One of the neglected sub-plots of the coming local elections are the Conservatives’ Voter ID trials, in which five local authorities – Watford, Woking, Gosport, Bromley, and Swindon – will have different ID requirements if you want to vote rather than the usual British practice of any registered voter being able to rock up, give their name and cast a vote.
The government’s VoterID plans are based on a largely non-existent problem: there is no evidence that there is significant undetected electoral fraud going on in the United Kingdom. What electoral fraud there is in the United Kingdom would not be reduced by introducing ID requirements at the ballot box. If the Conservatives really wanted to clamp down on electoral fraud, the obvious first step would be to scrap or at least severely limit the availability of postal votes. (One obvious way of doing this would be to restrict its usage to people in receipt of some kind of mobility assistance from the government.) But this won’t happen, because Conservative voters are as likely to take advantage of a postal vote as Labour ones are.
That the government shows no sign of tackling this problem – or indeed of issuing a free ID card for polling stations to mitigate any negative consequences of the scheme, such as the one they have in Northern Ireland – gives weight to Labour’s suspicion that the plans are designed to prevent Labour voters from exercising their democratic rights.
Is that fair? Well, given the lack of mitigating measures to reduce any risk of disenfranchisement, it feels reasonable. The selected areas for the VoterID pilots could almost have been deliberately chosen not to tell us very much about the benefits or drawbacks of the scheme.
The crucial questions are a) does the new measure deter voting? and b) does it disproportionately effect certain demographics more than another? So ideally, what you would want is two ethnically diverse boroughs, two homogenous boroughs, two boroughs that are about average for the United Kingdom, and so on for age, poverty and other factors that may be disproportionately hit by introducing VoterID requirements. And then you would pair them off – so one borough would get a very loose set of VoterID requirements, and another a much tighter one.
But the government hasn’t done this. Of the five boroughs, none has a significantly older population than the national average (16 per cent over 65 is the number to beat per the last census), and all have fewer children living in poverty than the national average. In none of the boroughs going through the pilots is the proportion of ethnic minorities larger than the number of white British people.

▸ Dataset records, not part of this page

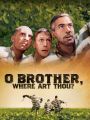 O Brother, Where Art Thou?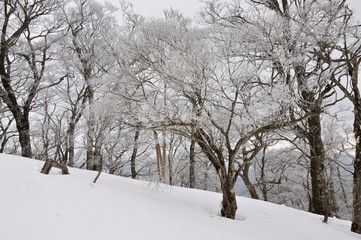 大雪に霧氷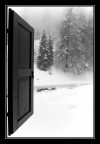 La Neve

Happily, Swindon, the closest of the pilot boroughs to the national average, has the toughest ID regime: there, voters must have any of their polling card, passport, photographic driving licence, biometric immigration document, or a photographic identity card issued in the EEA. But the positives end there.

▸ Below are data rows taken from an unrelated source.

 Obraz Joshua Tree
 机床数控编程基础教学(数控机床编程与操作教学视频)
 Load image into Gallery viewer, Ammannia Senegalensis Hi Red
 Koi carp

Bromley is the only London borough in the pilot and it is a poor choice as a use of London testing ground as it is demographically unlike most London boroughs: it is older and whiter that most of the capital. In addition, it has far away the loosest ID requirement of the pilot five: in addition to those forms of ID that are acceptable in Swindon, voters can rock up with any of an 60+ Oyster card, a Freedom Pass, or any PASS ID card. If they don’t have any of those they can also bring any two of the following: a debit card or credit card, a mortgage, bank or credit card statement, a birth certificate, a marriage certificate, a current P45 or P60, a firearms certificate or a non-photographic ID card.

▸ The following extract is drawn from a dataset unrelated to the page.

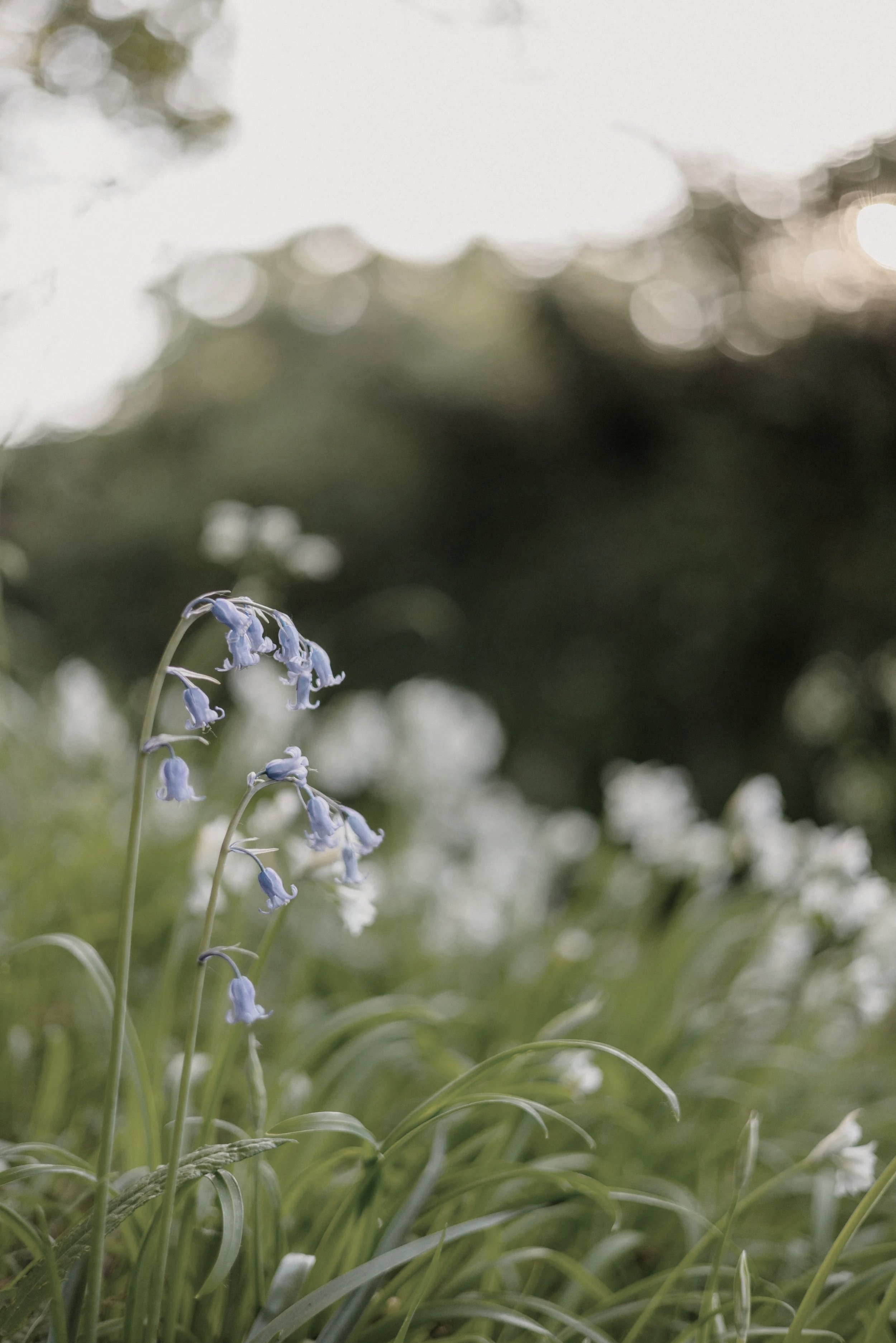 Grief therapy for pregnancy loss New Canaan Connecticut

You can (hopefully) see the problem: it will be hard to tell if the ID requirements are having a negative effect on voter participation when we are not going to get a good read on whether any of the potentially problematic groups (the old, the poor or minority groups) are going to struggle.
It looks an awful lot as if the government has already reached a verdict about what it wants the VoterID pilots to show and has chosen its pilot areas accordingly.
It is also worth noting that, even in Swindon, the government is not casting a very tight net: determined criminals could very easily get through. It really does feel as if these plans are based around making it harder for supporters of the Opposition parties to vote, rather than actually clamping down on any electoral fraud.